Pittstown Landing to Pittstown Point, Crooked Island, Bahamas

Pittstown Landing to Pittstown Point, Crooked Island, Bahamas
.5 nm
Wind: NE 15 knots, annoying swell during night, boat held by current
Latitude: 22°49.46’N
Longitude: 074°20.82’W

I got to see the house today. Whoa. It’s exquisitely and a little extravagantly designed, with crazy angles, elaborate screened porches, and giant tile angled across the entire house. It’s like someone’s dream of heaven, or like the Platonic ideal of a beach house, with wide views of the perfectly blue-green sea on one side, and the other side with views of palm trees and the salt pond (with flamingoes! or so I’m told). The whole house is basically made of glass--giant windows, French doors, and two full-length screen rooms on the two off-square angled sides of the house. Inside is nothing but view, the sea surrounding you on what feels like all sides.

I’m tempted to look up the work of the architect, based in Baton Rouge. He’s only 35, which makes one stumble a bit. If I had chosen a different life path, I could have been designing houses
like this six years from now. I guess six years is still a long time. I could accomplish a lot in the next six years. Still, it’s crazy to have this as one of the standards to judge my life by. Nappy, too, is only 36, and he’s built tons of these beach houses on the road that heads down to Pittstown. Both of them must feel proud of what they’ve managed to get done.

Is that the beginning of middle age? To begin to feel that one must compare the accomplishments of one’s life to others of the same age? I guess we’ve all felt those feelings since infancy. And there’s no way I could have ever designed houses, anyway. I have talents, but that’s not one of them. It was very interesting to look at the plans, though. Karl had to investigate them to understand the rigging, too, and I’d never seen architectural drawings before. Too cool. I’m helping Karl do the counting and the calculations (one of the things that is one of my talents) and figuring out whether Nappy has enough materials to do the job.

We also moved the boat today, down closer to the house, where we hope we can get some protection from northeast winds from Pittstown Point. It doesn’t make the swell of the current from the southeast any better, though, and it’s pretty miserable on the boat, rocking and rolling back and forth. It’s continually amazing to me how little the boat rolls when she’s held well at anchor, with her nose pointing pertly into the wind and seas. I insist on believing that her lean lines and pointy bow help her streamline the wind somehow. Fin-keeled racing cruisers are accused of “searching” at anchor, sailing back and forth, but Secret only does that in really heavy winds, when any boat would unless it had no mast and no rigging. Maybe it’s the windage from our barbecue holding us still, or maybe just how much weight we have in the stern.

I guess the skinniness and how light she is makes her roll a lot more when the swell hits her on her stern, too.
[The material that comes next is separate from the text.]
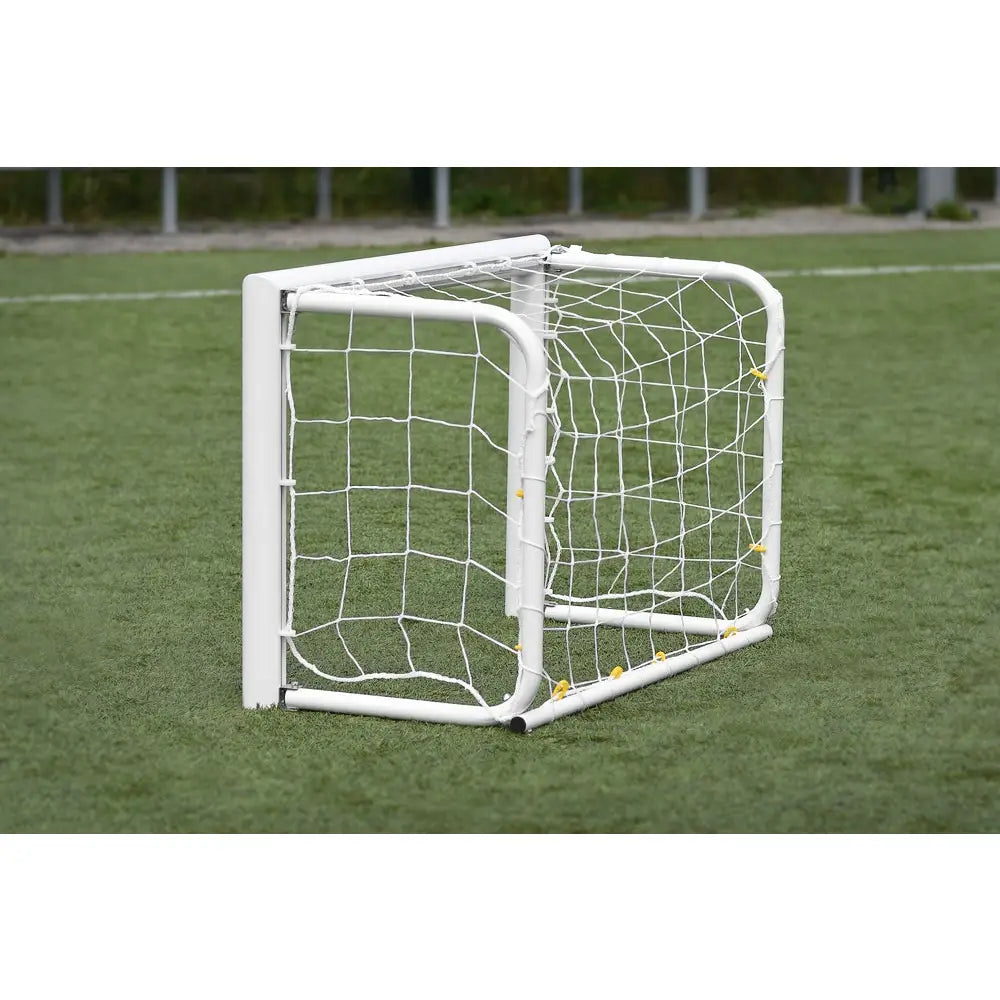 Port aluminium MINI PRO, sammenleggbart fotballmål i hvitt metall med nett, sidevisning på kunstgressbane.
It’s frustrating to think that the only way we can amend that is by putting more weight below her waterline. Karl keeps trying to think of ways to do that--building in some kind of water tankage to the cabin sole or adding to our cabinet space but floor space is exactly what we need in the boat! In one of the things that has me breathing a huge sigh of relief, Karl seems to be more into the idea of fixing up Secret again than selling her. Honestly, even if we were to lift the entire cabin two inches so Karl would have standing head room, and make the cabin smaller so we had walkable decks, as much work as those two things would be they’d probably be less work than finding a new boat, fixing everything that was wrong with her, and finding someone to buy Secret at a price with which we would part from her. Everyone says the hardest part is cutting the dock lines, and they’re right. A new boat means a whole new pile o’ dock lines.

So that’s what I’m thinking about, Secret, and this brand new house sitting across from her, gleaming slightly in the dark. The house that’s supposed to look like a sailboat. It even has “teak” decks--plastic planking in all the balconies made of that environmentally-sensitive recycled plastic stuff that lasts an eternity. It looks really good and it feels good on the feet. Maybe we can put some on our boat’s deck. The rigging’ll look amazing when it’s done. It’s no wonder that Nappy couldn’t find a Bahamian who knew how to do it. This stuff’s complex. I’m impressed that Karl knows enough about rigging to understand it. While I’ve been writing all these months, he’s been getting a doctorate in rigging.